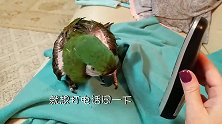 主人打电话来问好，一旁的鹦鹉偏要接听，开口第一句就亮了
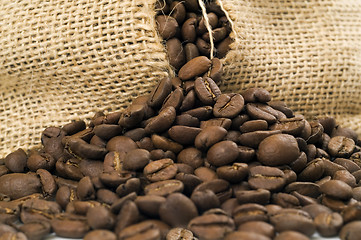 Image showing Coffee beans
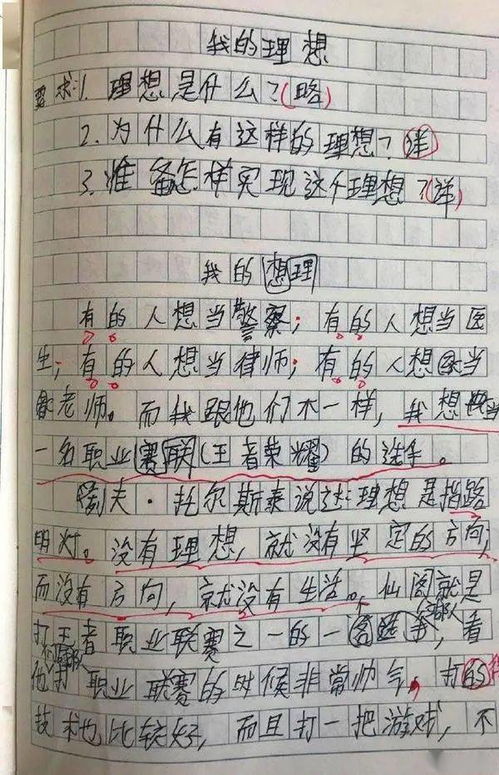 我眼中的虎妞500字作文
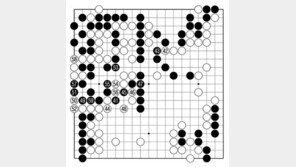 [바둑]알파고 vs 알파고 특선보… 간신히 살았으나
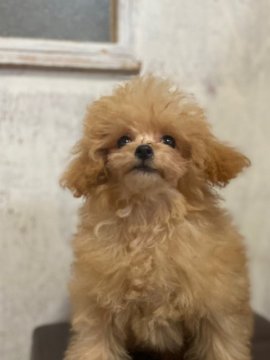 トイプードル(ティーカップ)【宮崎県・女の子・2020年4月20日・アプリコット】の写真「アプリコットのとっても可愛い女の子です♡♡」
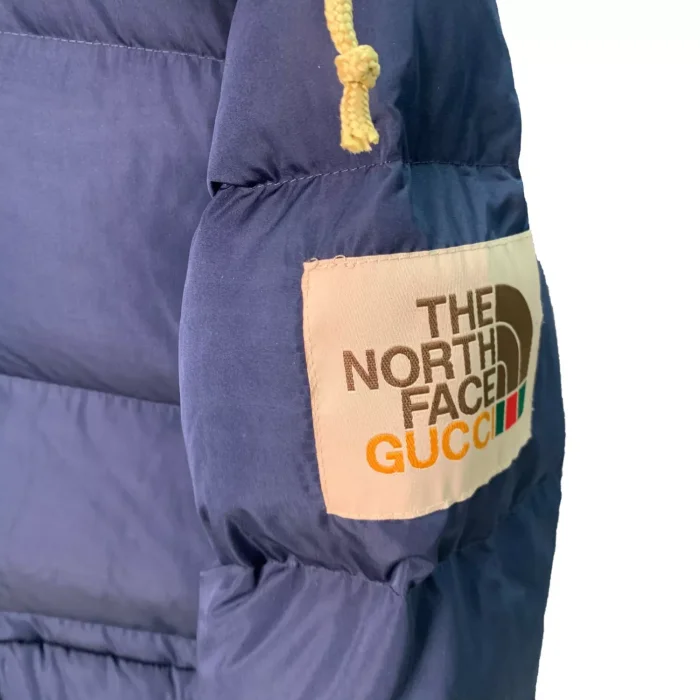 The North Face down jacket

**TASK STATEMENT**
Starting at the line that contains "トイプードル(ティーカップ)", return every line through the end of the records above exactly as written, and return no pictures.

**RESPONSE BELOW**
 トイプードル(ティーカップ)【宮崎県・女の子・2020年4月20日・アプリコット】の写真「アプリコットのとっても可愛い女の子です♡♡」
 The North Face down jacket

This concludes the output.